Este Governo desafectou terrenos da REN em dois projectos diferentes, o da Pescanova, no Norte, e na Comporta para empreendimentos turísticos sem que se percebessem exactamente os critérios...

Não percebe os critérios que estiveram na base? Ah, mas isso está quantificado! São milhares de postos de trabalho! Aquela é uma das zonas mais deprimidas do país, onde tem havido processos terríveis de abandono das populações, por falta de emprego, e aqueles projectos, que são muito exigentes do ponto de vista ambiental, com densidades [de edificação] muito baixas, são muito estimuladores da economia local.



Em todo o caso, não facilitaria a percepção dos cidadãos a existência de um conjunto de critérios pelos quais se deveriam pautar o reconhecimento de interesse público e as desafectações da REN como estas?
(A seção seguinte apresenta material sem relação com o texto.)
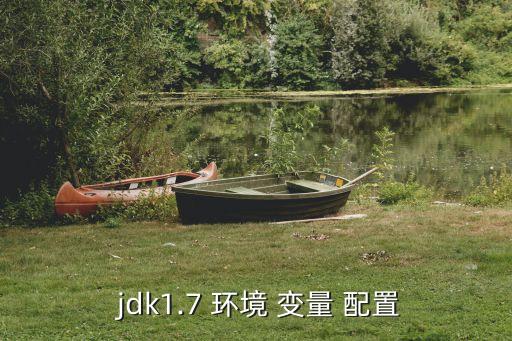  jdk1.7 环境 变量 配置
Muitas vezes, outras disposições da legislação se cruzam aí e apontam para alguns desses critérios. Bom, a questão da REN punha-se só na Comporta[Pinheirinhos], não se punha na Costa Terra, aqui punham-se questões relacionadas com a Rede Natura. Pois bem, a directiva comunitária e a legislação nacional sobre a Rede Natura dizem que, desde que não sejam afectados habitats prioritários, podem ser autorizados por razões de índole social e económica. Além disso, desde há quinze anos constam do Planos Regional do Litoral Alentejano e dos PDM.

O facto de estarem publicadas não é uma garantia de qualidade...

Bom, a minha convicção é que na ponderação global eles são bons para o país. Não tenho dúvidas.

Esta e outras questões assentam num problema fundamental que é o inexistência de uma lei dos solos adequada.

Estamos muito interessados... A lei dos solos é em Portugal, como em qualquer país do mundo, um processo muito complexo. Estamos a trabalhar, o secretário de Estado do Ordenamento do Território e Cidades, professor João Ferrão, tem em mente um calendário para avançar, nesta legislatura ainda, ou seja, até ao fim deste mandato, com a Lei dos Solos. Ou seja, estamos a trabalhar arduamente nisso. Resolvidas estas questões...

O que é que isso quer dizer, desculpe, “avançar com a Lei dos Solos”?

Quer que, no fim do primeiro semestre de 2009 estaremos em condições de aprovar uma Lei dos Solos.

Quer fechar este mandato com uma nova lei dos solos, tem dois semestres para a elaborar, discutir e aprovar...

Sim, mas o trabalho já vem de trás! Essa é a nossa intenção! Estamos a trabalhar para isso! Sim!

Essa é uma grande novidade!

Não percebo a vossa surpresa. Isso até consta no programa do Governo, julgo!

Sim [afinal, não, não consta]!

Consta. Estamos a trabalhar para isso! Desde o princípio existe essa intenção, o que acontece é que documentos como estes são, em certo sentido, mais pressionantes. Concordo que a Lei dos Solos e mais estruturante. Mas documentos como estes [revisão da Lei da REN] são mais pressionantes. Por exemplo, acabar o Programa Nacional de Políticas de Ordenamento do Território, lançar os PROT, que eram quase inexistentes, tínhamos apenas um da Área Metropolitana de Lisboa e tínhamos um do Algarve, que vinha do princípio dos anos 90, eram enormes prioridades, que se têm muito a ver com a vida do dia-a-dia do cidadão. Mas era também muito urgente avançar com os PROT para que pudessem servir de suporte para decisões no quadro do QREN. Ou seja, havia um sentido de urgência em relação a estes documentos, mas a Lei dos Solos sempre esteve no nosso horizonte de cinco anos de governação. Estamos a cumprir isso!

Folgamos em ouvir!

Mas é muito complexo! Vamos ter...

Deve ser, sim. Mexe com interesses que cobrem todo o espectro político e partidário.

Mas para que é que estamos cá? Não nos preocupa mexer com interesses! Estamos habituados a ter todo o tipo de oposições!